On Capitol Hill it’s crunch time for health care reform as negotiations between House and Senate leaders pick up speed. A top priority for community pharmacies is getting an adequate fix to Medicaid’s reimbursement formula for generic drugs. So we held a briefing today to update reporters on where things stand and to demonstrate the strong, bipartisan support there is in Congress for an equitable reimbursement formula. Here’s a quick recap; a recording of the call is available here.
John Coster, NCPA’s Senior Vice President for Government Affairs, set the stage:
- Independent community pharmacies derive 90% of their revenue from filling prescriptions, a much higher rate than large, national chains or grocery-based pharmacies.
- The average independent fills about twice as many Medicaid prescriptions as large, traditional chains do; in some cases it can be up to 50% of their prescription business.
- Medicaid patients in rural areas are more likely than not getting their prescriptions filled at an independent pharmacy.
- Medicaid’s cuts stem from its shift to an average manufacturer price (AMP) reimbursement formula, a policy that has been blocked by a 2007 injunction successfully sought by NCPA and the National Association of Chain Drug Stores. The Government Accountability Office has twice estimated that those cuts would reimburse pharmacies well below even their drug acquisition costs.
- Final health reform legislation should contain nothing short of the Senate’s proposal to set federal upper limits for reimbursement at no less than 175%. That would encourage maximum utilization of lower-cost generic drugs while keeping community pharmacies in the program. Anything less, such as the House’s proposal, could significantly impact patient access to community pharmacies.
Reps. Berry and Moran have written to the leadership in the Congress, asking the House to agree to the Senate version. The two Congressmen renewed that call and testified to the importance of community pharmacies and the services they provide.
“This is an issue that brings us together as Republicans and Democrats and urban and rural members,” said Rep. Moran. “Who I’m really advocating on behalf of are the consumers, the patients, those who need the pharmacist services in communities across Kansas and across the nation.
“There are eight counties in Kansas that have no pharmacy at all,” he added. “This is one of the reasons that it is so difficult to maintain a community pharmacy.”
Pharmacist Brian Caswell of Wolkar Drug in Baxter Springs, KS affirmed that point. Wolkar Drug serves rural Cherokee County and Medicaid makes up around 30 percent of its prescription business.
He said pharmacies in Kansas are already absorbing reduced reimbursement due to the average wholesale price (AWP) rollbacks resulting from the First DataBank settlement and a 10% Medicaid cut the governor implemented.
“If the reimbursement rate is too low for me to be able to participate, I’m going to have to turn away around a quarter of the number of people that come into my door, which is devastating,” he added.
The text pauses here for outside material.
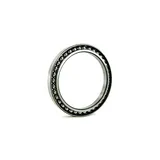 Travel Large Bearing TZ500D1021-00 For Komatsu PC78UU-6 PC75UU-3 PC70-7-B PC70-7 PC60-7-B PC60-7 BA100-1 online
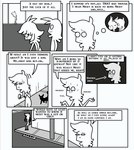 post #4419046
That would force him to cut back employees, minimize operating hours or possibly close the pharmacy. “One more hit on Medicaid reimbursement is, I think, unsustainable, especially with the magnitude of what this one could be.”
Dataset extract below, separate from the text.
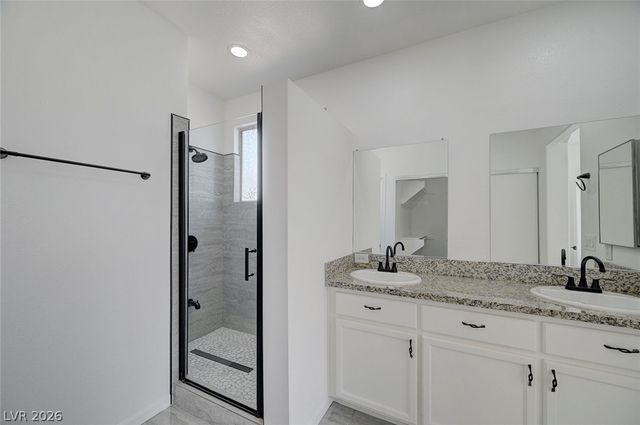 2205 Keller Court, North Las Vegas, NV 89032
“Without this fix, there’s going to be a lot of pharmacies, like myself, that have heavy Medicaid populations – we’re not going to be able to continue to service those patients,” Caswell concluded. “I’m concerned where they could go after that and whether or not they’re going to have continued pharmacy services in order to keep them out of the hospital settings or seeing their physicians even more because they won’t have the pharmacy services that they need and the consulting services that we provide. Again, in the state of Kansas, where we are a very rural state, many people see a pharmacist as their only health care provider and they have to drive so far to see a physician.”